SQL: Comparing Addresses

1ddqd · May 2011

I've been tasked with identifying records that have a physical address differing from their mailing address.

The problem is that some physical addresses may be entered as 123 N. Main St.

The mailing address in the example is 123 North Main Street.

I need to account, not only for abbreviations, but also spacing.

This, to me, means lots of Case statements to convert it, or I could parse the addresses using substring and trim.

Is there any easier way? I can't seem to put the pieces together with Google.

schuss · May 2011

This is why they make normalization tools, because strings blow ass to convert/compare. How many records?

Steve Bennett · May 2011

I once had to do a very similar task. I ended up creating a probability analysis when comparing strings, then, analyzing the results to decide upon a score threshold that seemed to hit nearly all matches without any false positives. Score was a modified percentage based on how closely the strings matched, and I'd pick something like 92.4% as the threshold. Anyway, if I were to do this for your situation, I'd probably add an extra column to hold the match probability value, and do the string analysis (lots of string splitting and other string operations will be needed).
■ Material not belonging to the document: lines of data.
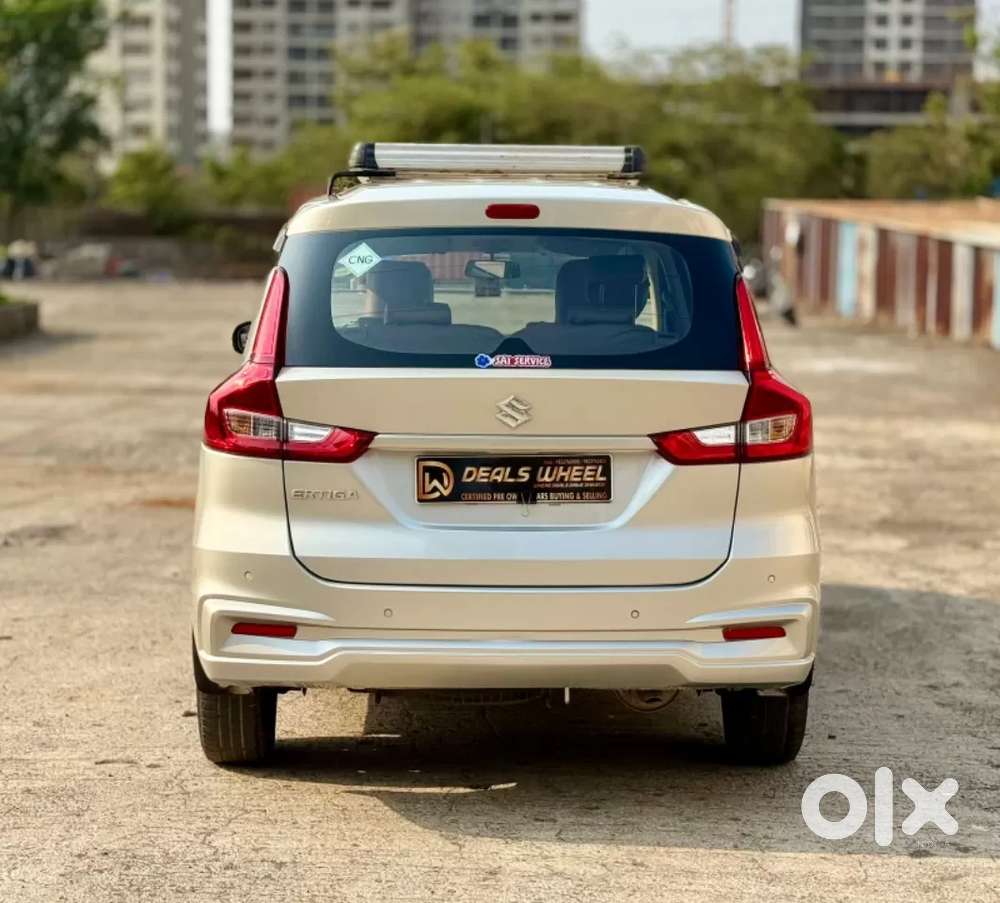 Maruti Suzuki Ertiga 2012-2015 Vxi Cng, 2020, Cng & Hybrids
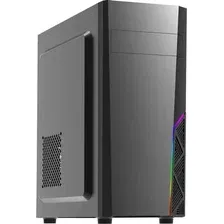 Корпус для компьютера Zalman ZM-T8 (без БП, черный)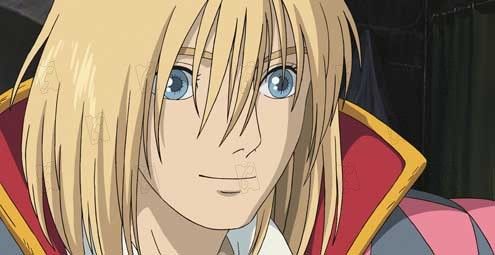 El increíble castillo vagabundo : Foto Hayao Miyazaki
Alternatively, you could try using SQL Server's SOUNDEX function, and seeing if that will be sufficient. I'm skeptical that it will be, because of things such as "N" being compared with "North" - I doubt SOUNDEX will consider that a very close match.

bowen · May 2011

There isn't a good or easy way to do this, unfortunately.

You're going to need to get a list of abbreviations and try to match it, and normalize it. You're also going to want to use an actually programming language in this case. SQL is all well and good, and I'm sure you can do a great many things in it, but it is really not designed for this shit.

Generally, for street, your normalization process is as follows:

pre-step) create a list of abbreviations, like st rd ste and the rest

1) split string by token, in this case spaces
2) identify the house or street number, usually first or last set of entries and almost always contains a number. In this case, verify that if it's a number, it matches a number of one of the tokens in the non-normalized strings.
3) do a lookup on the abbreviation list, replace as needed

This is about as simple as you can get, but it's still not going to be 100%.

aperlscript · May 2011

Depending on how many records you have, you can whip up a fairly* simple script that uses Google's geocoding API. Convert all the addresses to latitude/longitude pairs, and then compare those. They say they only allow 2,500 lookups per day, but those limits are squishy, and if you really try you can get around them.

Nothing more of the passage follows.